**GIVEN DATA**
========
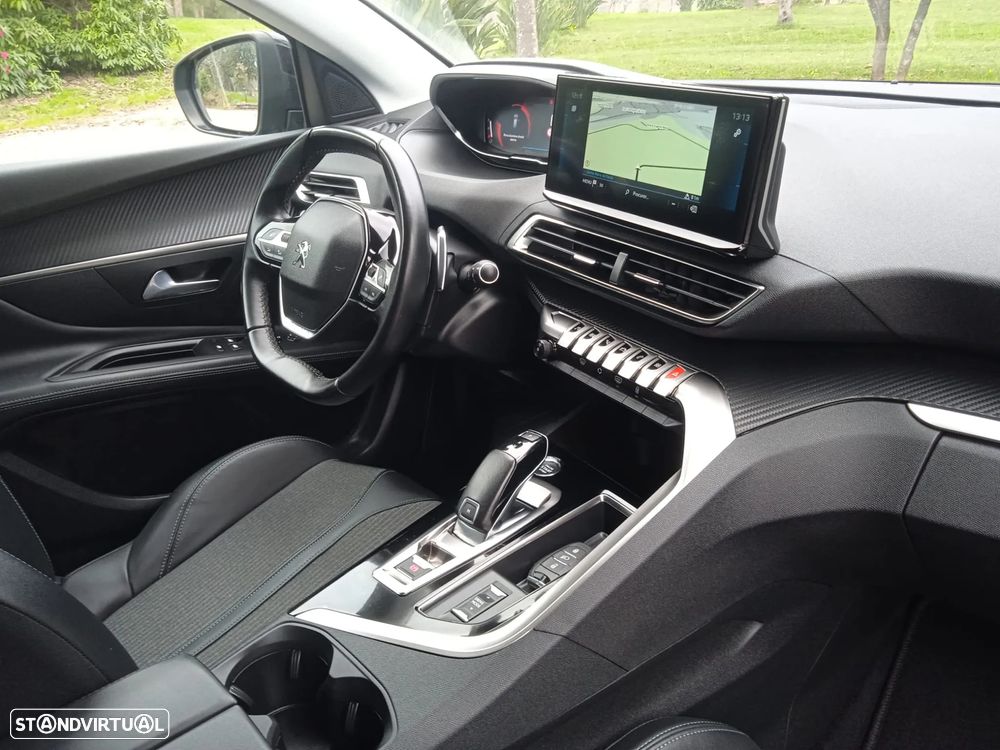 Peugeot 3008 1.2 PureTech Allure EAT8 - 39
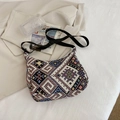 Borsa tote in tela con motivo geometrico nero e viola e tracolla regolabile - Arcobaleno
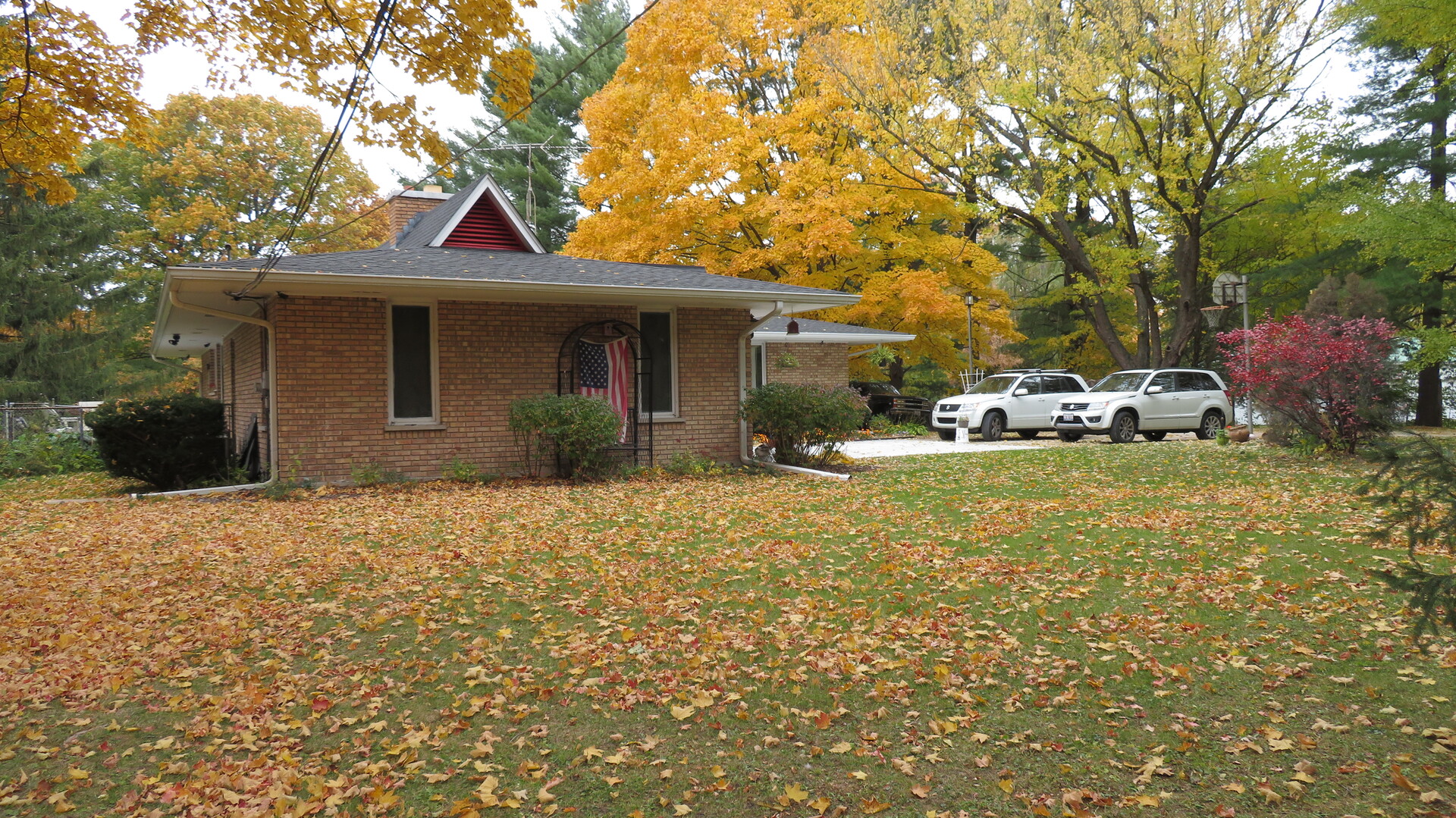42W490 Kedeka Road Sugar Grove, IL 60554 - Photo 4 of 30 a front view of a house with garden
========
**HOW TO COMPLETE THIS TASK**
Word for word, restate the lines from the line containing "Borsa tote in" through the end of the data, including the first and last of them. Pictures stay out.

**RESULT OF THIS TASK**
 Borsa tote in tela con motivo geometrico nero e viola e tracolla regolabile - Arcobaleno
42W490 Kedeka Road Sugar Grove, IL 60554 - Photo 4 of 30 a front view of a house with garden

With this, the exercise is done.